Mais recentemente, o aprofundamento da integração em matéria de Segurança e de Defesa adquiriu prioridade nas agendas europeias. As razões para essa prioridade não são espúrias. As ameaças terroristas, a crescente instabilidade junto das fronteiras externas da União (a sul, a leste e a sueste) e a crise das migrações, constituem fontes de preocupação que não podemos evitar. Além disso, os nossos aliados na relação transatlântica, os EUA, têm dado pelo menos na forma – que em política também conta porque gera receios e intensifica ansiedades – mais outra razão, na medida em que este vazio surpreendente, e espero que temporário, deixado pelos americanos ajuda a chamar a atenção para as vulnerabilidades e deficiências da Europa. Ajuda-nos a trazer-nos às nossas responsabilidades e à clarificação das nossas prioridades geoestratégicas.
A chamada União da Defesa tem de se regrar segundo um pressuposto: a articulação com a NATO. De modo algum podemos permitir que se gere um pretexto para pôr em causa a aliança de segurança comum que nos protege a todos há já várias décadas. A União de Defesa só poderá prosseguir numa lógica de complementaridade, e não de rivalidade, com a NATO. Dito isto, temos muito que fazer nos domínios da operacionalidade das nossas forças, da inter-operabilidade dos nossos sistemas e até da integração dos nossos comandos, o que não quer dizer, nem deverá querer dizer, um Exército Comum Europeu.

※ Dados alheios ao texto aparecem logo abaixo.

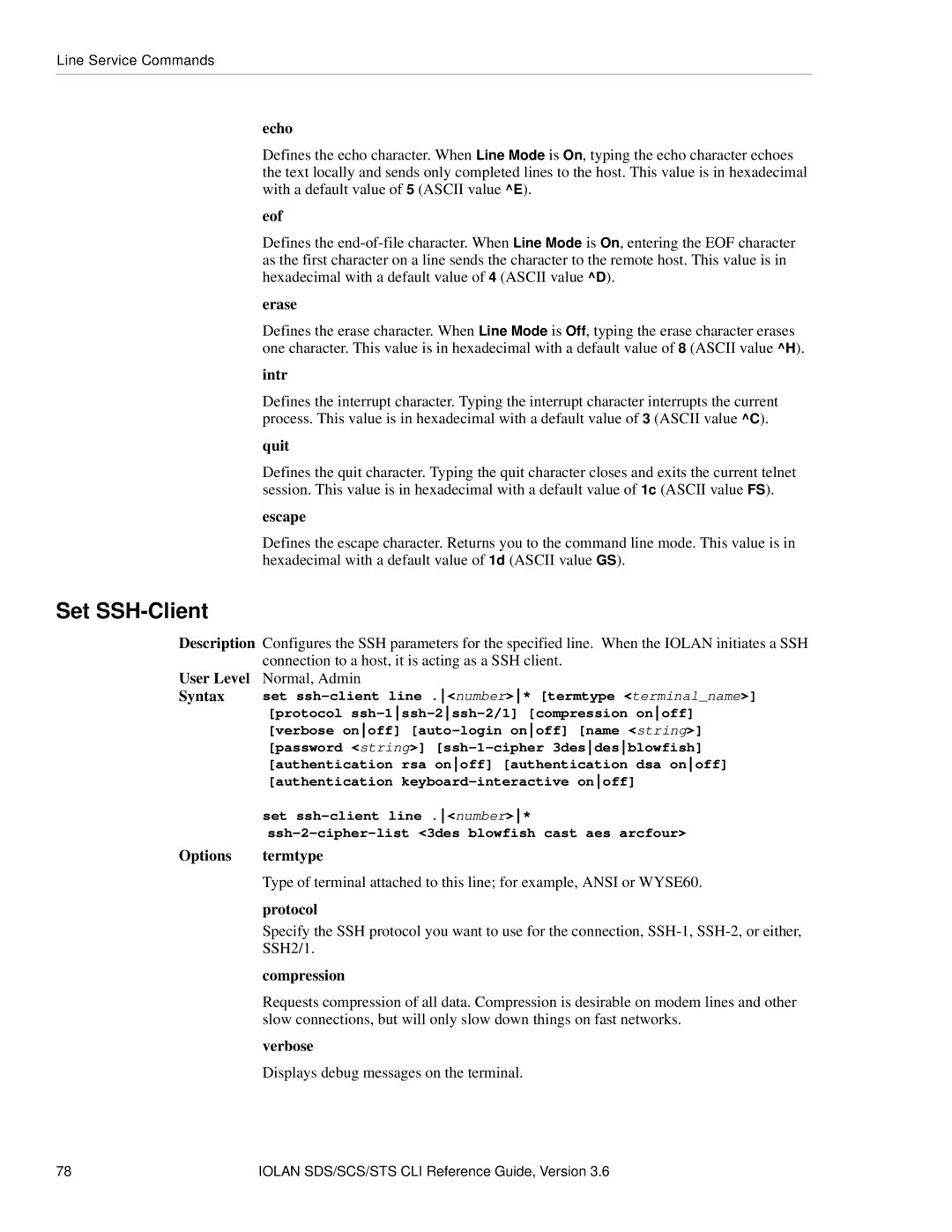 Perle Systems CSS manual Set SSH-Client, Options termtype 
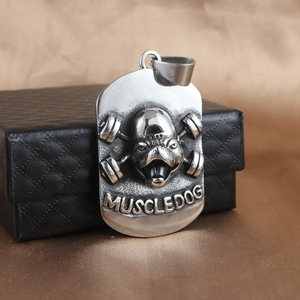 yunnique MuscleDog <b>Dog</b> <b>Tag</b> Pendant Stainless Steel Animal Design Unisex Necklace - Product Image 3
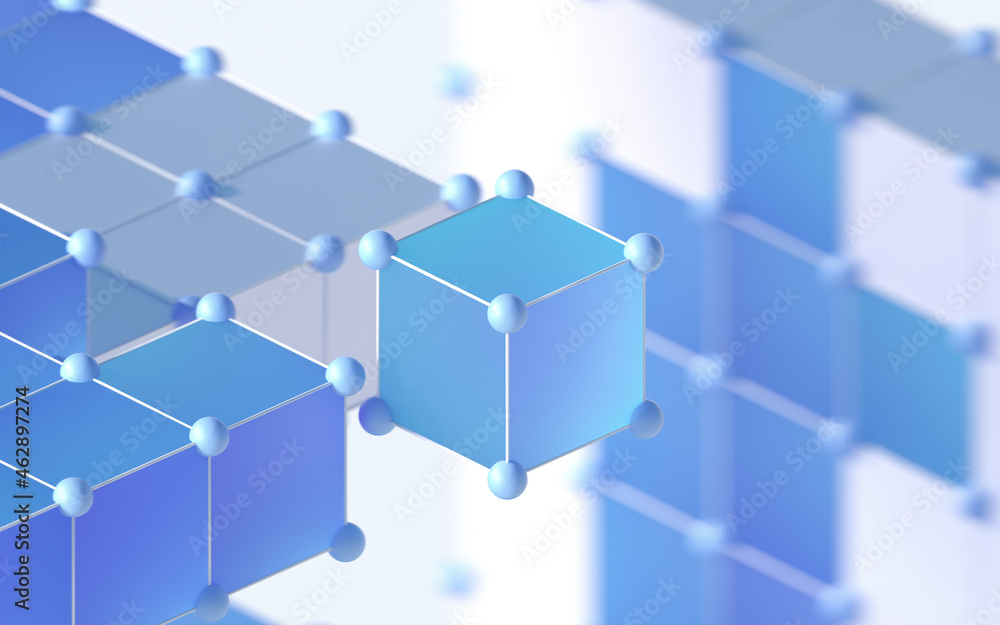 Poster translucent gradients cubes and spheres, 3d rendering.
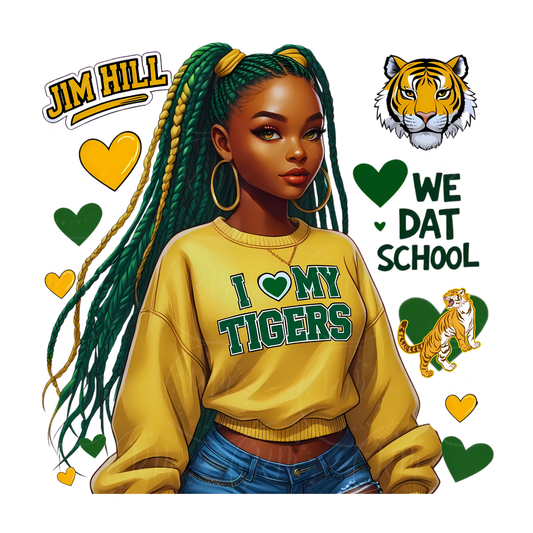 Jim Hill High School Tigers Digital PNG – Black Girl School Spirit Graphic | Yellow & Green Pride Download for T-Shirts, Merch & DIY Projects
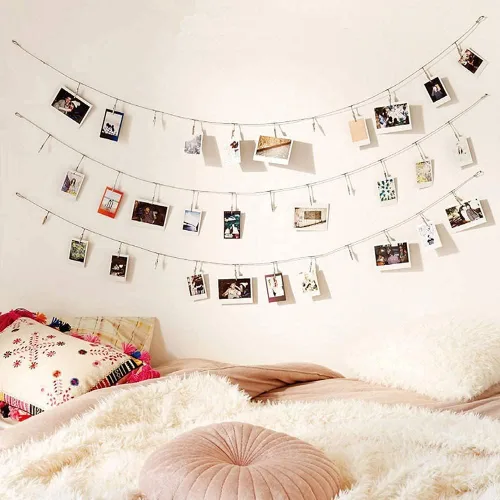 Miniatura 4 de Yeyo Clip de alambre para colgar fotos con 12 clips, marco de fotos de pared para el hogar, dormitorio, collage dormitorio, habitación de los niños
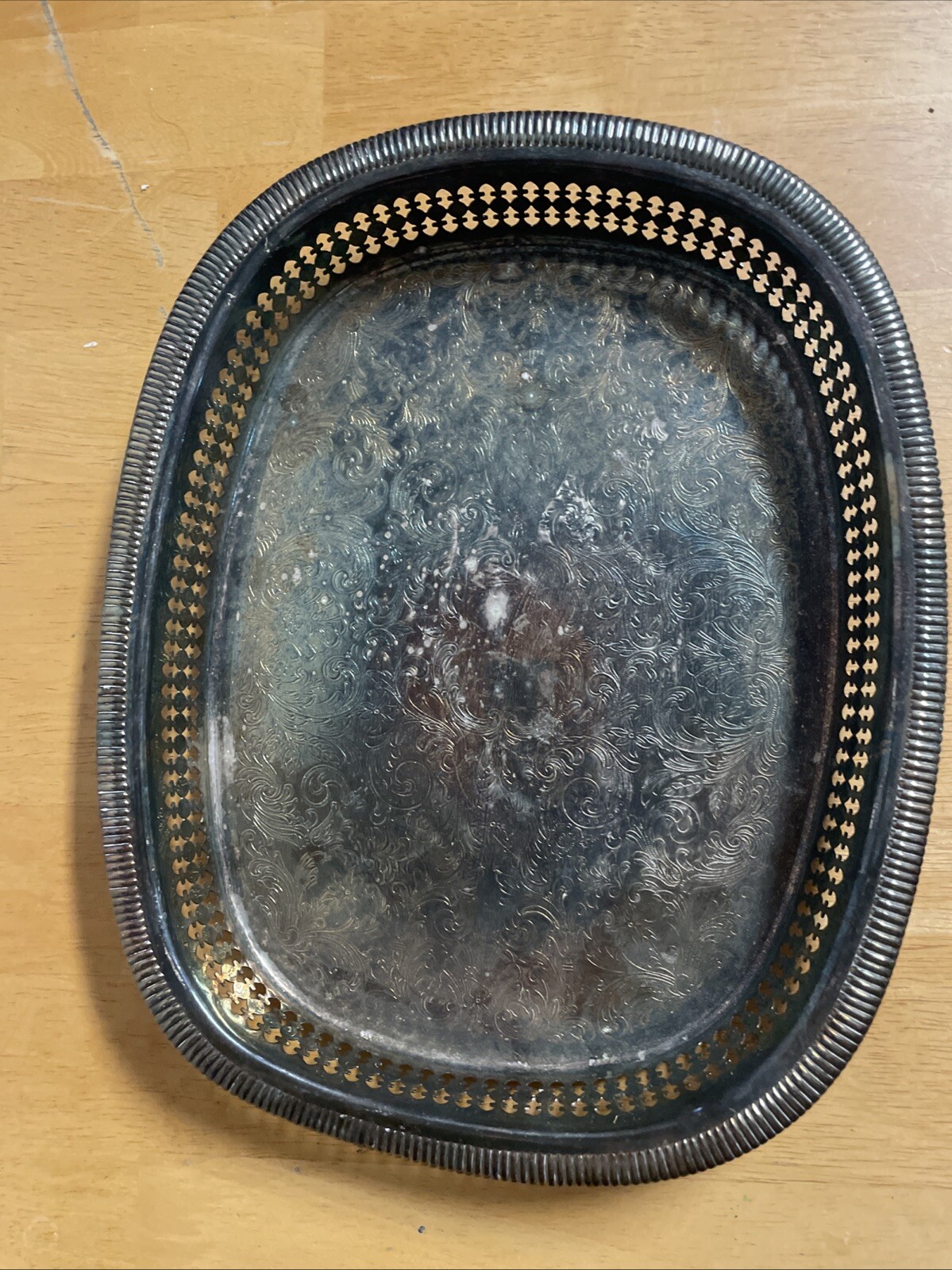 Newport By Gorham Small Silver Oval Tray Silverplate Dresser Makeup Cottage Core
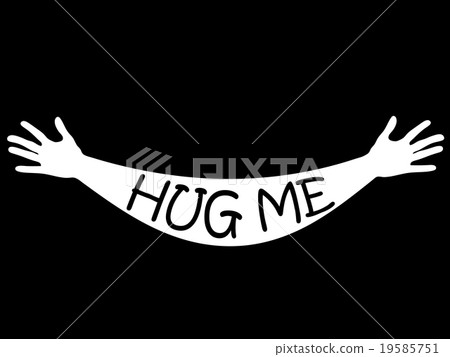 Hug Me Written In Open Arms And Hands Vector Stock Illustration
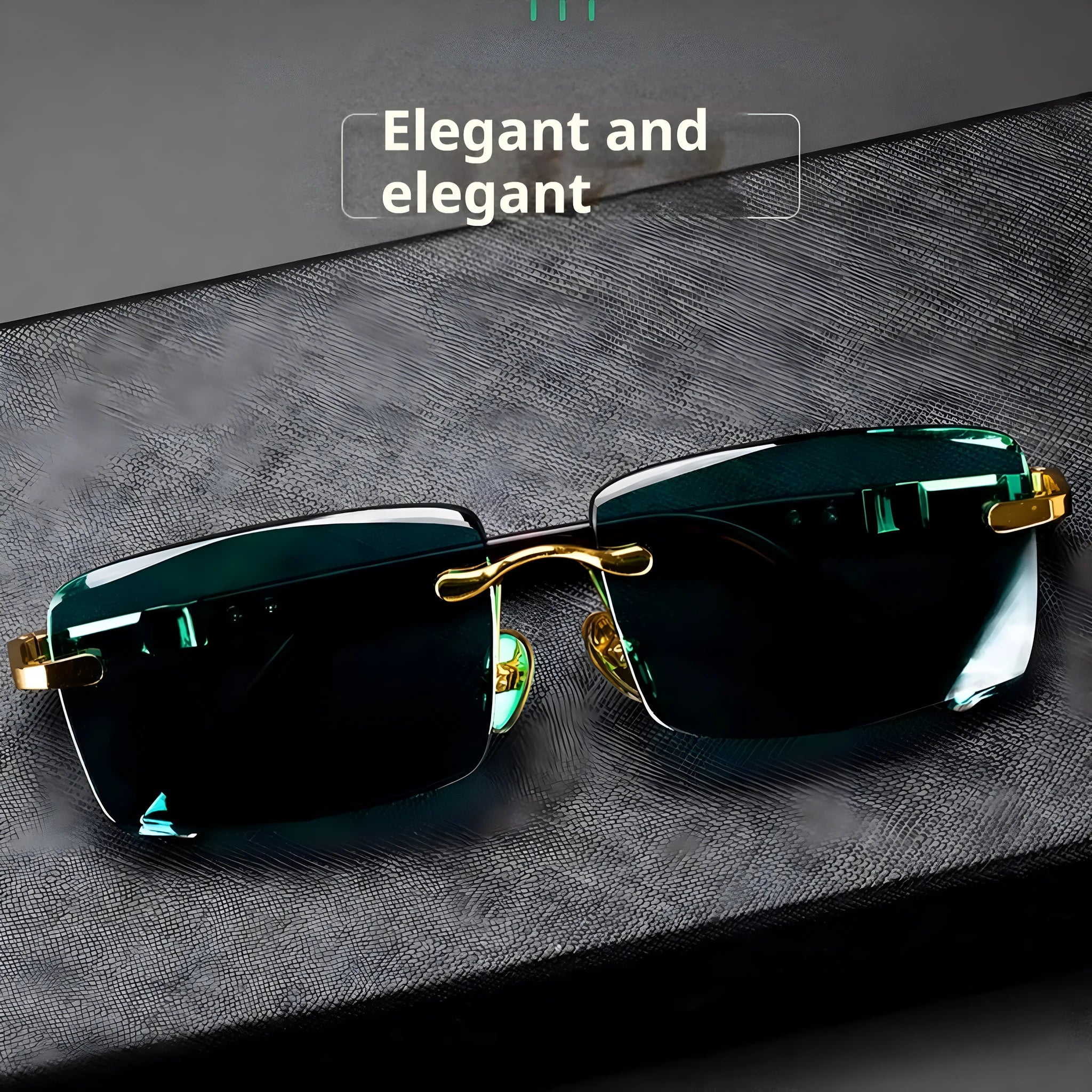 Dark green tinted frameless sunglasses with crystal lenses, shown with a hard protective case and cleaning cloth.
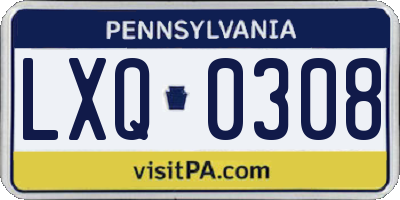 PA license plate LXQ0308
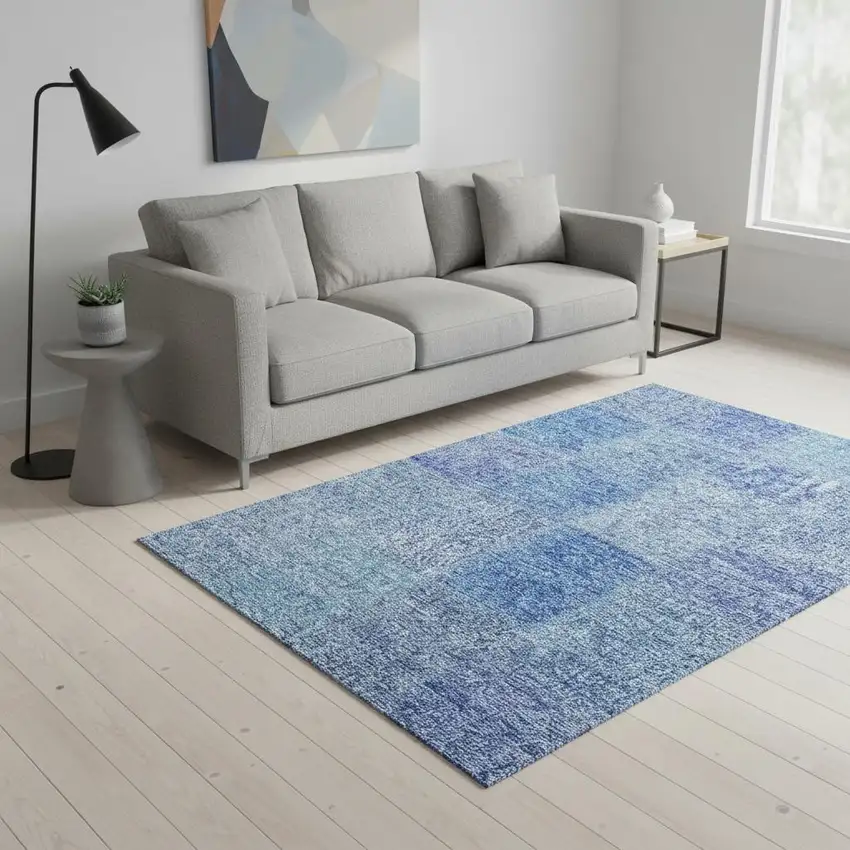 Denim Blue And Ivory Patchwork Washable Area Rug With UV Protection Photo 1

A partilha de recursos e a progressiva constituição de comandos integrados com forças nacionais têm uma ampla margem de ganhos a vários níveis, e daqui não se deve tirar a consequência da criação de um Exército Comum. Articulação e integração são também os caminhos a seguir no âmbito da Guarda Costeira e da Guarda das fronteiras da periferia. Se essas estruturas geram bens comuns a todos que vão além do que os esforços individuais de cada Estado-membro poderiam conseguir, então devemos ter meios comuns para servir esses bens concretos.
É certo que no domínio da Defesa ainda são mais as perguntas do que as respostas que temos ao nosso dispor. Já no caso da reforma da União Económica e Monetária temos o fundamental da reflexão feita e amadurecida. Sabemos o que temos de fazer. Não podemos desperdiçar a oportunidade que se nos abre. Há coisas que não podemos adiar sob pena de nos arrependermos por ocasião de uma futura crise.
Prosseguir o caminho destas reforma deve constituir um objectivo de primeira grandeza, e não apenas porque deixar tudo como está intensificaria as forças desintegradoras no seio da Europa. O exigente e complexo contexto global requer uma resposta da Europa no sentido da sua afirmação, da sua coerência e do seu fortalecimento. É esse o caminho que temos de percorrer.